Jacqueline Reich, PhD (Symposium Co-Chair)
Professor and Chair, Department of Communication and Media Studies
Fordham University
Jacqueline Reich is the author of The Maciste Films of Italian Silent Cinema (Indiana UP, 2015) in collaboration with the Museo Nazionale del Cinema in Turin, Italy, and Beyond the Latin Lover: Marcello Mastroianni, Masculinity, and Italian Cinema (Bloomington: Indiana UP, 2004). She is also co-author, with Catherine O’Rawe, of Divi. La mascolinità nel cinema italiano (Donzelli, 2015) and co-editor with Piero Garofalo of Re-viewing Fascism: Italian Cinema, 1922-1943 (Bloomington: Indiana UP, 2002). At present, she is co-director, along with Kathleen LaPenta-Long, of the Bronx Italian American History Initiative, a digital oral history project, and also serves as Interim co-coordinator for Fordham’s Digital Scholarship Consortium.

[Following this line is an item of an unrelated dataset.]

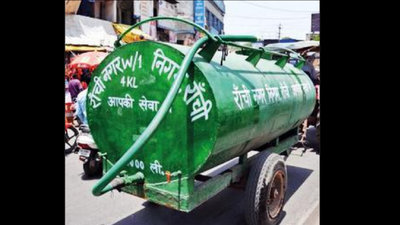 Ranchi Municipal Corporation to roll out more tankers to tackle water crisis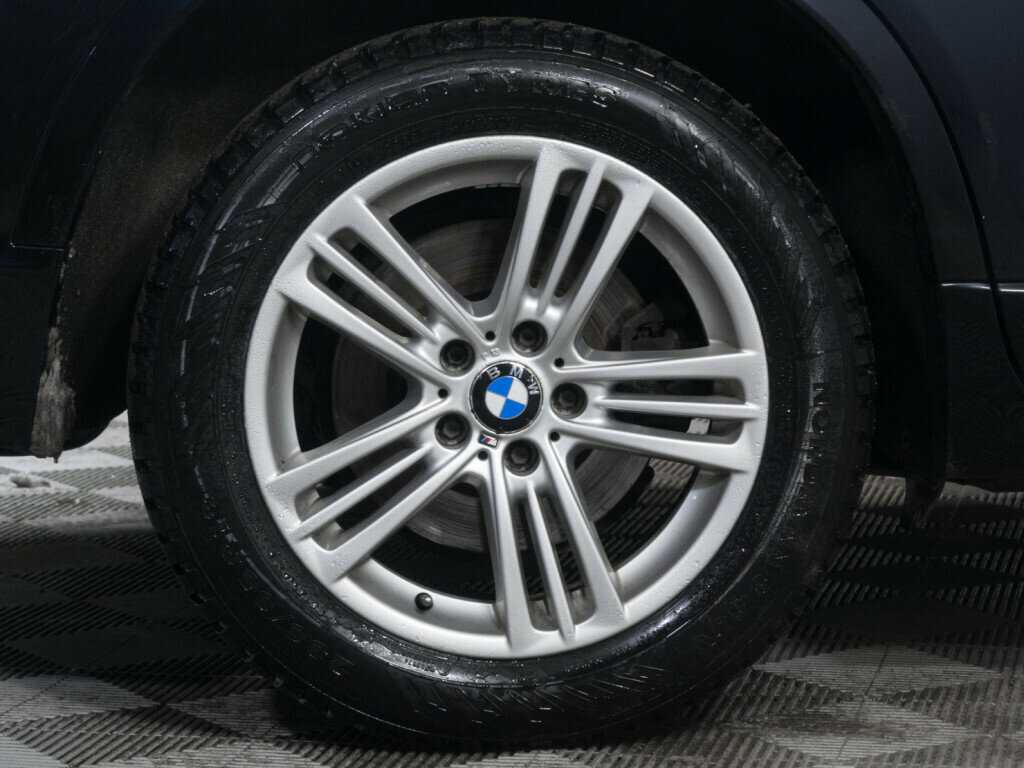 Продажа Б/У БМВ Икс3. Фото: #19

http://jacquelinereich.com
Twitter: @Profjreich
Ralph Vacca, PhD
Assistant Professor, Department of Communication & Media Studies
Fordham University
Ralph Vacca explores how design constructs identity and shapes social change in U.S. culture. He studies how media and technology are designed and reimagined by marginalized groups, with a focus on design for promoting emotional health and education.